Handling unique indexes on large data in PostgreSQL
A month ago, during a release to production, the feature I was working on failed to deploy due to a PostgreSQL restriction. It turned out to be a surprisingly fun and comprehensive learning moment.
Backstory
I have been working on a pretty huge release where we needed to:
- Add new functionality to our core feature.
- Remove all duplicated entities related to this feature.
- Set up unique index for text field to prevent new duplicates.

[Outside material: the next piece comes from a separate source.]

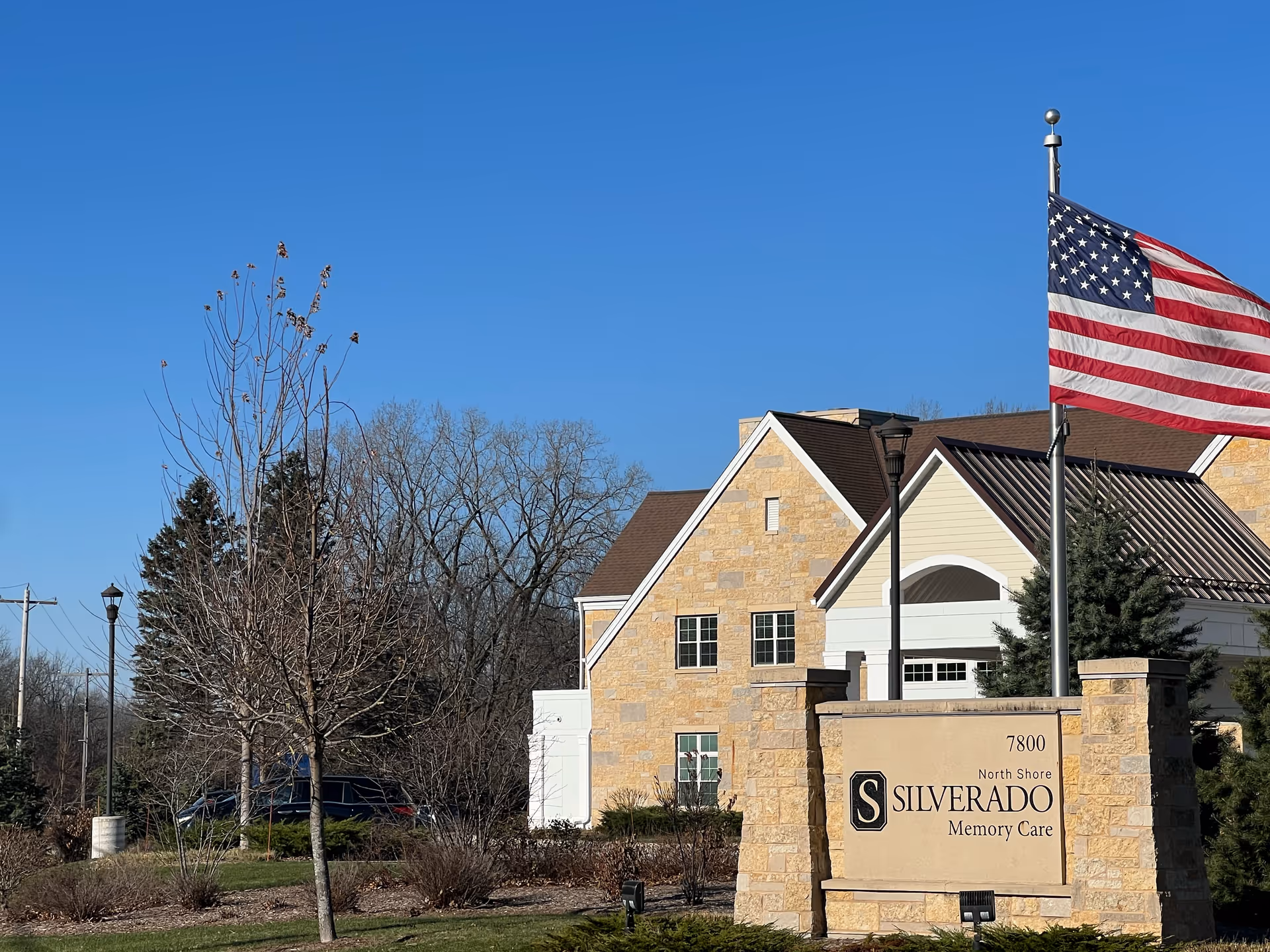 Exterior view of a stone Silverado Memory Care building with an American flag and a sign reading "Silverado Memory Care".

The first and second parts went fine, but I ran into trouble when creating the unique index. Fun fact: everything worked perfectly in the test and staging environments, but when I tried to release to production - that’s when I faced the issue:
ERROR: index row size 3456 exceeds btree version 4 maximum 2704 for index "test_big_index_big_text_key"
Detail: Index row references tuple (0,4) in relation "test_big_index".
Hint: Values larger than 1/3 of a buffer page cannot be indexed.
Consider a function index of an MD5 hash of the value, or use full text indexing.
This message saying that I’m trying to insert pretty big row with the size of 3456 bytes into B-Tree index where the maximum size is 1/3 of PostgresSQL disk page (2700 bytes). If that sounds unfamiliar to you or you want to understand how to create unique indexes on huge data - no worries. We’ll figure out why this limit exists and how to avoid it. Let’s start with a bit of theory.
How to achieve uniqueness in database?
If you’ve ever wondered how a database enforces uniqueness, it must be able to determine whether two values are equal (comparing the row being inserted or updated against rows that already exist) - and do this efficiently. To make this work in practice, PostgreSQL provides six built-in ways to index values, allowing you to perform certain operations faster than without indexing. Let’s take a look at two of them that support equality comparisons:
- B-Tree
This is the default and most commonly used index type. Supports equality and standard operators like <, >, BETWEEN
etc. Built on top of B-Tree data structure which uses sorting to enable fast lookups through a binary search algorithm.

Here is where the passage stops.